Variational Inference: ELBO

27 Dec, 2025

The concept of dimensionality reduction is a fundamental problem in machine learning. Oftentimes, we can represent high-dimensional distributions on parameters over a smaller and much more tractable lower-dimensional manifold. In fact, there is an interesting result known as the “Johnson-Lindenstrauss Lemma” (JL Lemma) that shows something quite remarkable.

Theorem (Probabilistic Johnson-Lindenstrauss Lemma): Let $X$ be a set of $n$ points in $\mathbb{R}^d$. Then, there exists a map $f: \mathbb{R}^d \to \mathbb{R}^k$ such that for all $x, y \in X$: $$P(|f(x) - f(y)|^2 \in [(1 - \epsilon) |x - y|^2, (1 + \epsilon) |x - y|^2]) \geq 1 - \delta$$ Colloquially, the map, with high probability, preserves the Euclidean distances between points in our dataset and is a global phenomenon.

Proof: Let $Z_{ij} \sim N(0, 1)$ be iid standard normal random variables, where $Z \in \mathbb{R}^{k \times d}$. We claim that the following map preserves the Euclidean distances between points in our dataset: $$f(x) = \frac{1}{||x||_2} Z x$$ We assume that $k < d$ because we are concerned with dimensionality reduction. We observe the quantity: \begin{align*} (Zx)_{i} &= \sum_{j=1}^d Z_{ij} x_j \sim N(0, \sum_{j=1}^d x_{j}^2) \\ \end{align*} This implies that: \begin{align*} x^TZ^TZx &= \sum_{i=1}^k (Zx)_i^2 \\ &= \sum_{i=1}^k ||x||_2^2 \cdot N(0, 1)^2 \\ &= ||x||_2^2 \sum_{i=1}^k \chi^2(1) \end{align*} In other words: $$||f(x)||_2^2 \sim \chi^2(k)$$ Knowing this, because $\chi^2$ is sub-Exponential, we can apply a sub-Exponential tail bound to obtain: \begin{align*} P(||f(x)||_2^2 \not \in 1 \pm \epsilon) &= P(\big | ||f(x)||_2^2 - 1 \big | \geq \epsilon) \leq 2e^{-\frac{\epsilon^2 k}{8}} \\ \end{align*} However, this is just for a singular instance of $x$. Because there were $\binom{n}{2}$ pairs of points in our dataset, we can apply a union bound to obtain: \begin{align*} P(||f(x)||_2^2 \not \in 1 \pm \epsilon) \leq \binom{n}{2} 2e^{-\frac{\epsilon^2 k}{8}} \\ \end{align*} This means that for any $\delta \in (0, 1)$, we can choose $k$ large enough such that the probability of the map not preserving the distances is less than $\delta$. Because the probability of the map preserving the distances is nonzero, we have an existence proof as well.

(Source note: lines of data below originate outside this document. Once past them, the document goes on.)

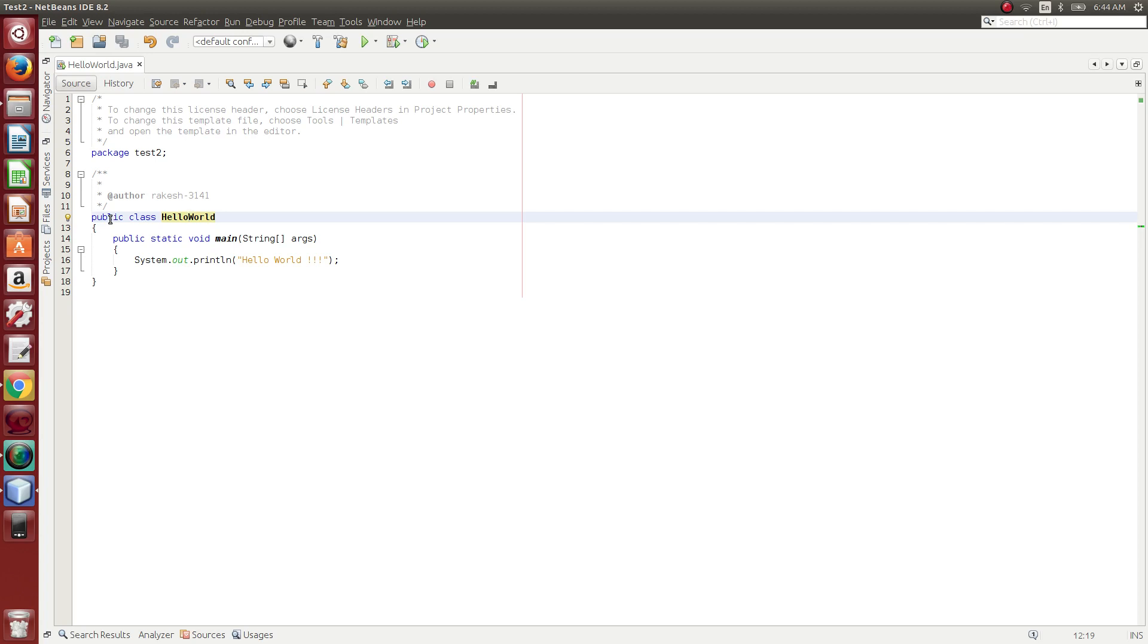That is the name of the class. All programs are executed from a starting point. The starting point is the main method in Java. This is the main method.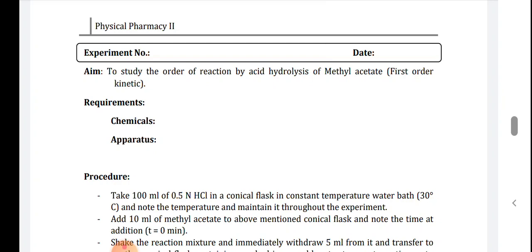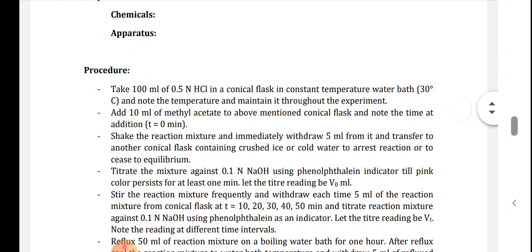The chemicals required for this experiment are: methyl acetate, 0.5 normal hydrochloric acid, 0.1 normal sodium hydroxide, and phenolphthalein indicator. Apparatus required includes glass apparatus such as a burette, pipette, beaker, and measuring cylinder.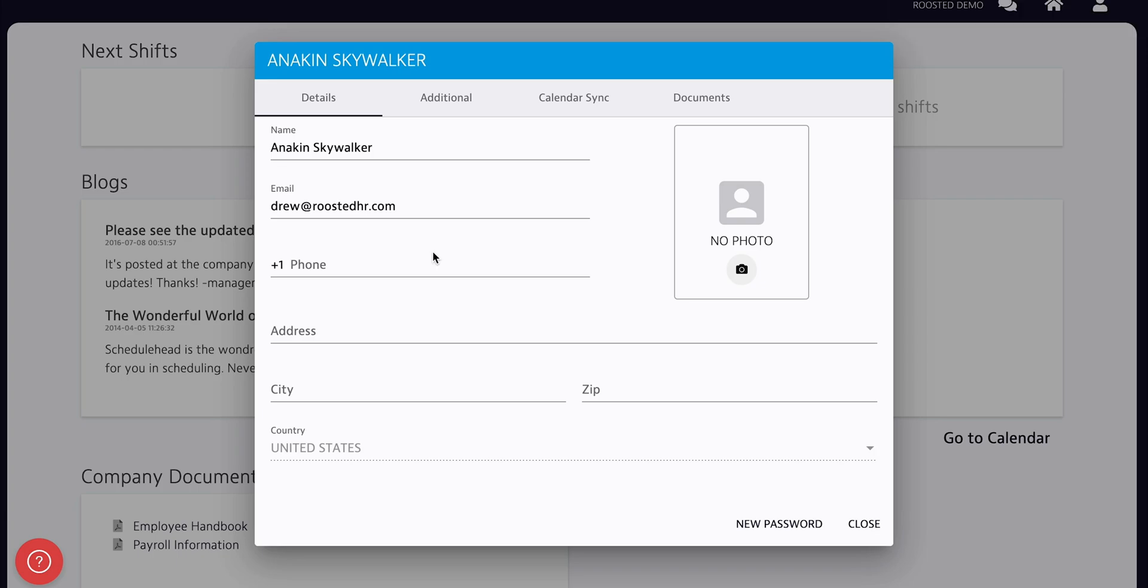After that, we're at our profile screen where we can change any information on our profile like our phone, email address, physical address, and more if your company allows. We can also upload a new selfie from here.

The “next” phase of dimensionality reduction comes in the form of latent variable models. For any dataset that we have, we assume a latent variable governing the underlying data distribution. It is ultimately a “generative” model where we model the full probabilty distribution. This is a natural framework to introduce the ELBO (Evidence Lower Bound) typically used in the optimization of variational auto-encoders (VAE). Assume we have a dataset $x$ and the latent space model, we are naturally concerned with maximizing the log-likelihood of our model under the obtained dataset: \begin{align*} \log p(x) = \log \int p(x, z) dz &= \log \int p(x, z) \frac{q_\theta(z | x)}{q_\theta(z | x)} dz \\ &= \log \int \frac{p(x, z)}{q_\theta(z | x)} q_\theta(z | x) dz \\ &= \log E_{q_\theta(z|x)}[\frac{p(x, z)}{q_\theta(z | x)}] \\ &\geq E_{q_\theta(z | x)}[\log \frac{p(x, z)}{q_\theta(z | x)}] \\ &= E_{q_\theta(z | x)}[\log p(x, z)] + E_{q_\theta(z | x)}[\log \frac{1}{q_\theta(z | x)}] \\ &= E_{q_\theta(z | x)}[\log p(x, z)] + H(q_\theta(z|x)) \end{align*} We can interpret this as a tradeoff between choosing the best $z$ in the distribution and incentivizing some entropy of the learned distribution. The ELBO is known as: $$\mathcal{L}_{\theta} = E_{q_\theta(z | x)}[\log p(x, z)] + H(q_\theta(z|x))$$ We can enforce equality by observing that: \begin{align*} \log p(x) &= \mathcal{L}_\theta + D_{KL}(q_\theta(z | x) || p(z | x)) \\ \end{align*} For practical purposes, we can learn a lower dimensional form of our intended probability distribution through this latent-variable model, without directly optimizing $\log p(x)$, which contains an intractable integral.